Maven — the car-sharing and car rental service — is exiting from eight major cities including Boston, Chicago, and New York City, according to the Wall Street Journal.
The company is expected to wind down service in the designated cities by the end of July to focus on less competitive markets.
Maven wants to “concentrate on markets in which we have the strongest current demand and growth potential,” one company spokeswoman told WSJ.
Maven’s operations in Detroit, Los Angeles, Washington, D.C., and Toronto will continue; however, its transition out of some of the biggest cities in the U.S. highlights some of the accelerated changes happening in transportation-tech.
Last month, New York City council passed a bill to decongest the city’s streets of ride-hailing cars by posing a cap on the number of drivers companies could have on the road.

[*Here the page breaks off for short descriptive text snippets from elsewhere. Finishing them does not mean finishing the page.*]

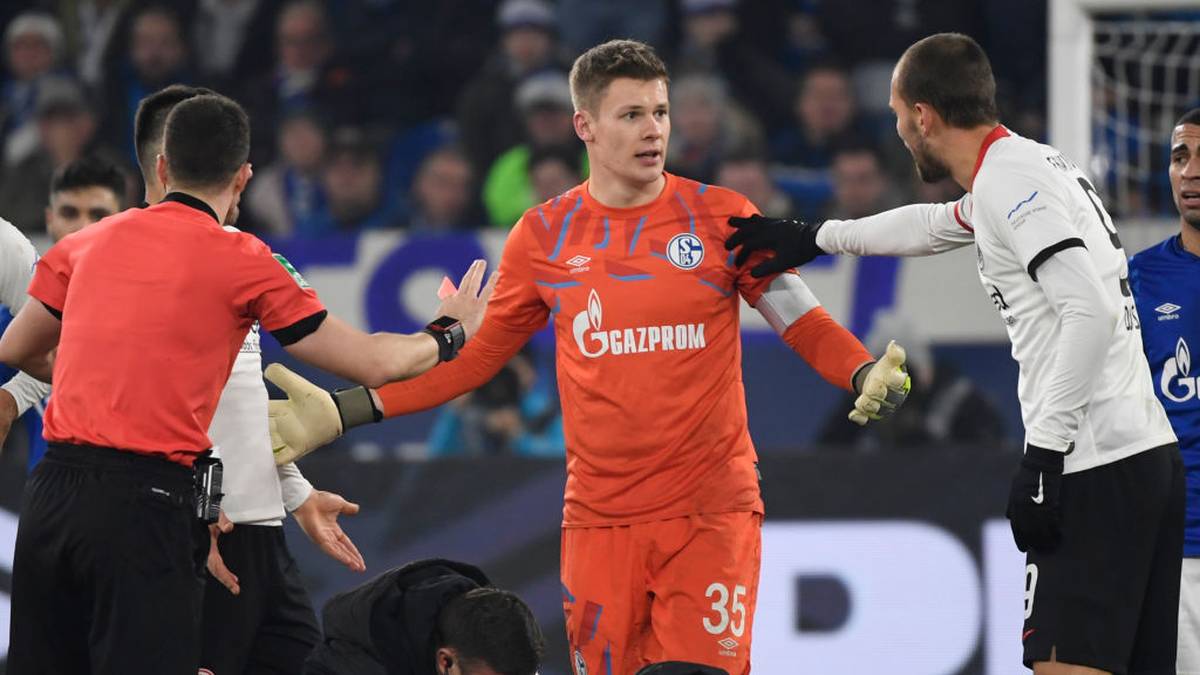 Schalke's German goalkeeper Alexander Nuebel (C) argues with Referee Felix Zwaye (L) and Frankfurt's Dutch forward Bas Dost after beeing shown a red card during the German first division Bundesliga football match Schalke 04 v Eintracht Frankfurt in Gelsenkirchen, on December 15, 2019. (Photo by INA FASSBENDER / AFP) / DFL REGULATIONS PROHIBIT ANY USE OF PHOTOGRAPHS AS IMAGE SEQUENCES AND/OR QUASI-VIDEO (Photo by INA FASSBENDER/AFP via Getty Images)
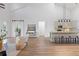 Modern kitchen with island and high ceilings, open to living area at 6979 Big Bend Dr, St Cloud, FL 34771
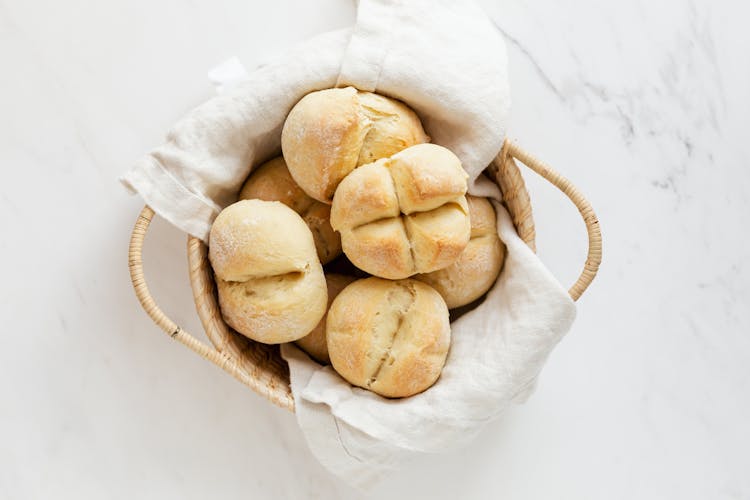 Fresh White Bread Buns In Wicker Basket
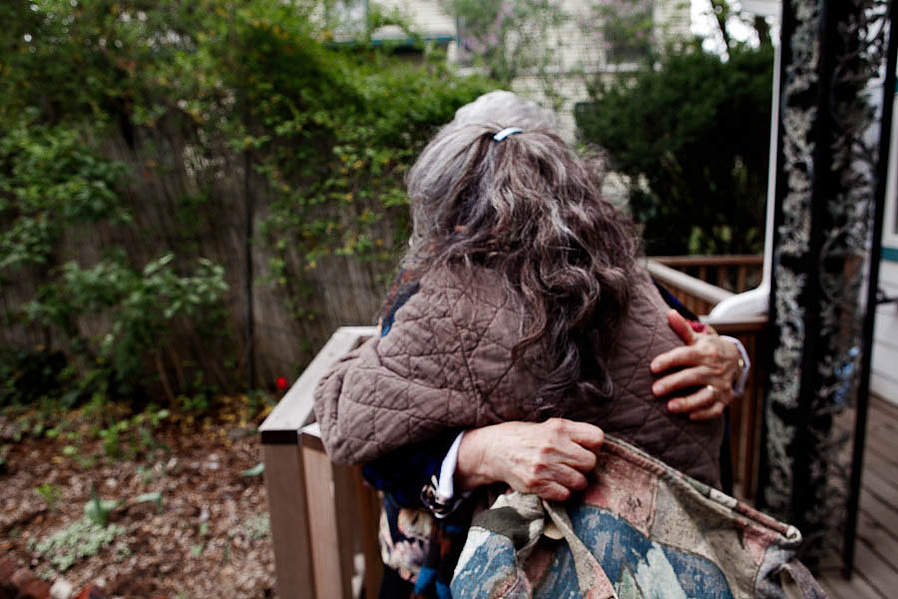 Lucy huguing her mother Milly Mahler as soon as she got in Woodstock to visit and stay with her 93 years old mother. Woodstock , Upstate NY, Spring/ 2012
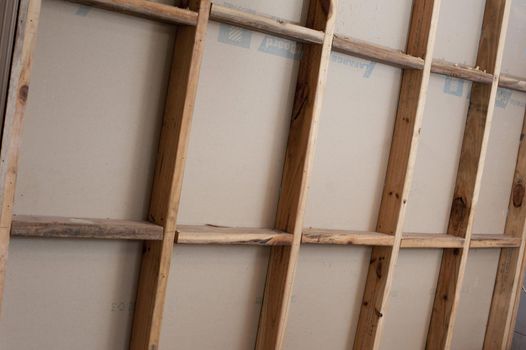 Open stud wall of wooden frame house under construction, viewed in full frame from the side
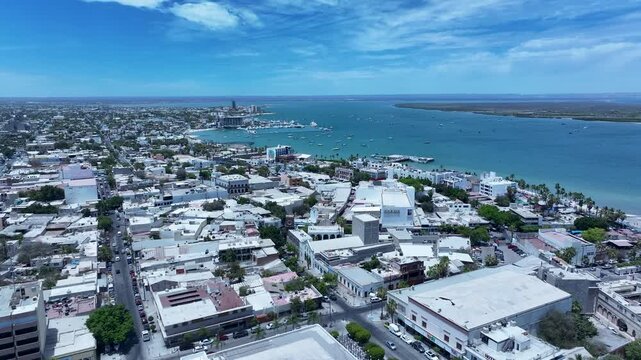 Aerial La Paz Mexico city business center to bay 3. Capital Mexican state of Baja California Sur, peninsula. Ferry, fishing, cargo and cruise ships. Beach Malecon markets. Eco tourism economy.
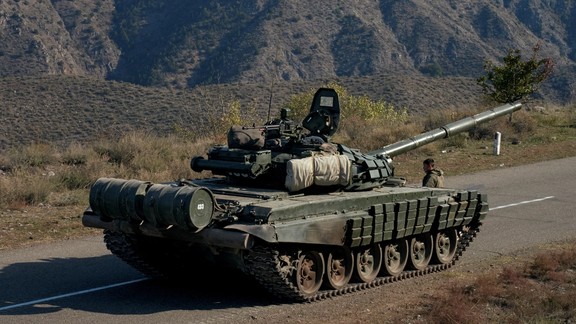 A service member of the Russian peacekeeping troops stands next to a tank near the border with Armenia, following the signing of a deal to end the military conflict between Azerbaijan and ethnic Armenian forces, in the region of Nagorno-Karabakh, November 10, 2020.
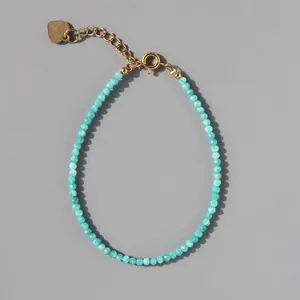 Close-up of sky blue faceted beads bracelet with gold lobster clasp and heart pendant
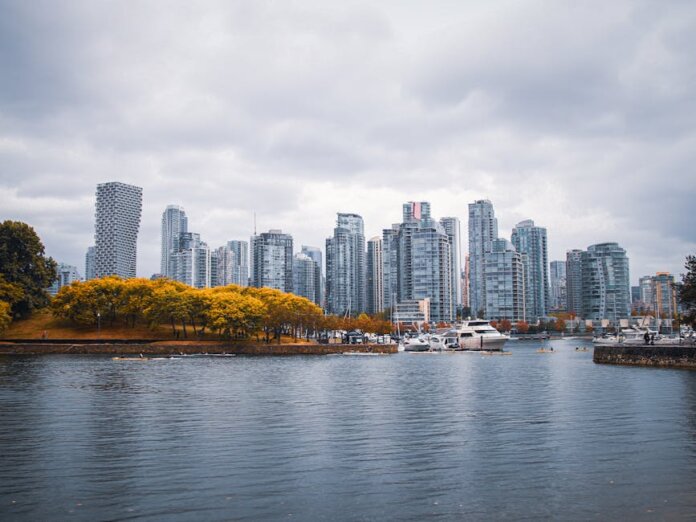 Captivating view of Vancouver skyline during autumn, showcasing skyscrapers and waterfront reflections.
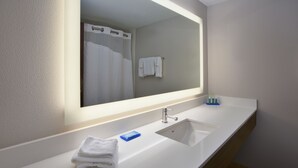 A modern bathroom with a large mirror, a sink, and a towel rack.
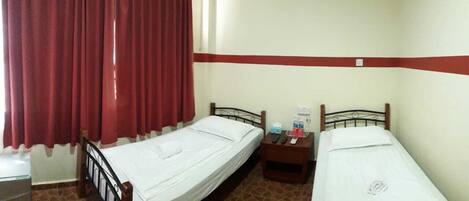 A room with two single beds, a nightstand with a lamp, a red curtain, and a tiled floor.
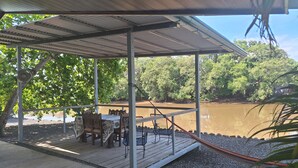 Ein überdachter Außenbereich mit Tisch und Stühlen, einer Hängematte und Blick auf einen Fluss und Wald.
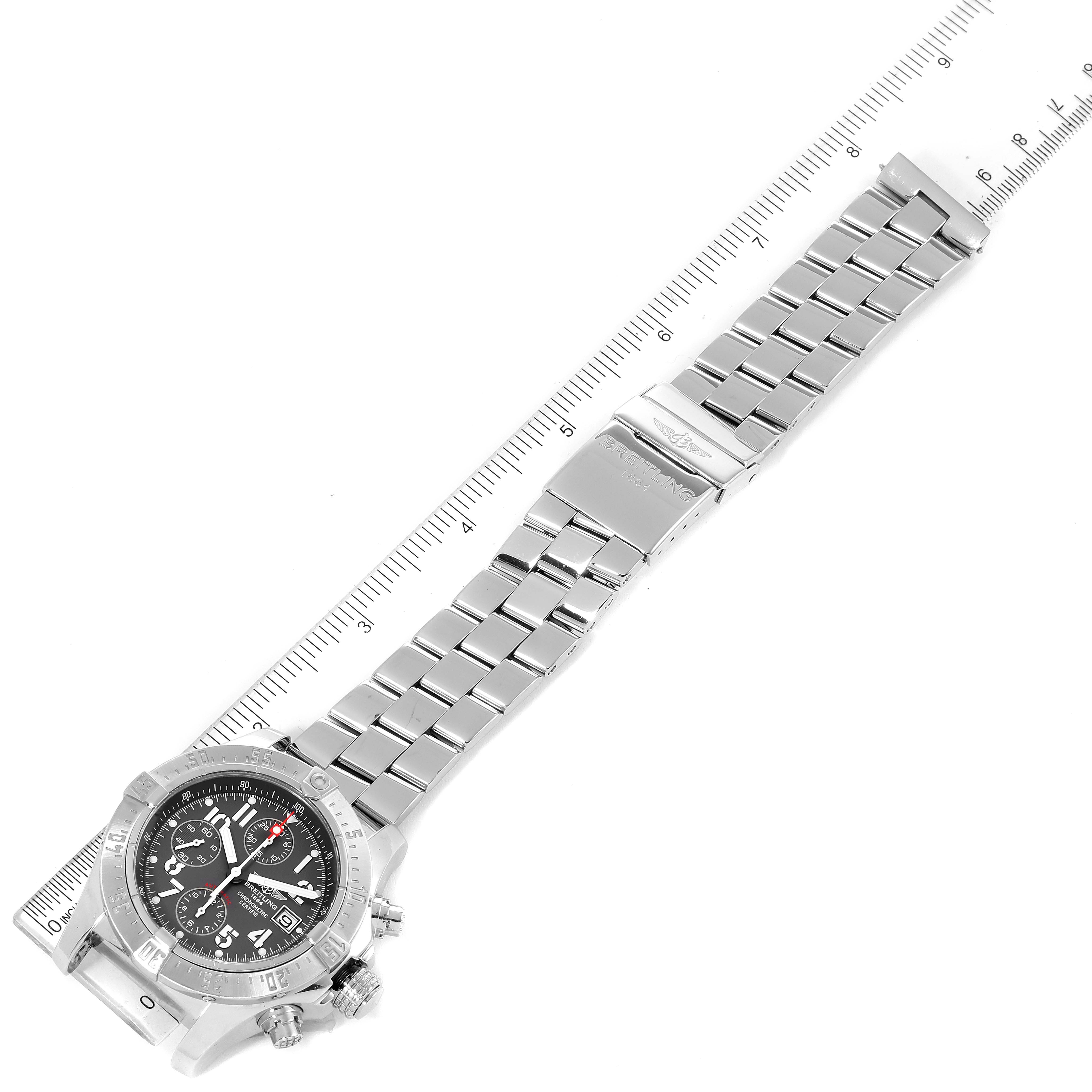The Breitling Avenger A13381 Men's Stainless Steel Grey Dial A13381 Men's Stainless Steel Grey Dial watch is shown from an angled top-down view, displaying the full bracelet, clasp, and partially the watch face.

The law also required Uber and Lyft to improve pay for its drivers. Both companies, whose drivers sometimes rent cars from Maven, stopped hiring new drivers after the law passed.
Lyft sued New York City in January, alleging the new rules would create unfair competition between ride-hailing companies and taxis, but the move was blocked by a state judge earlier this month. Uber has also sued the city over its car limit.
Other ride-sharing and car sharing services in the city like Via, Zipcar, and Car2Go are added competition for Maven, so the company is cutting its losses and leaving.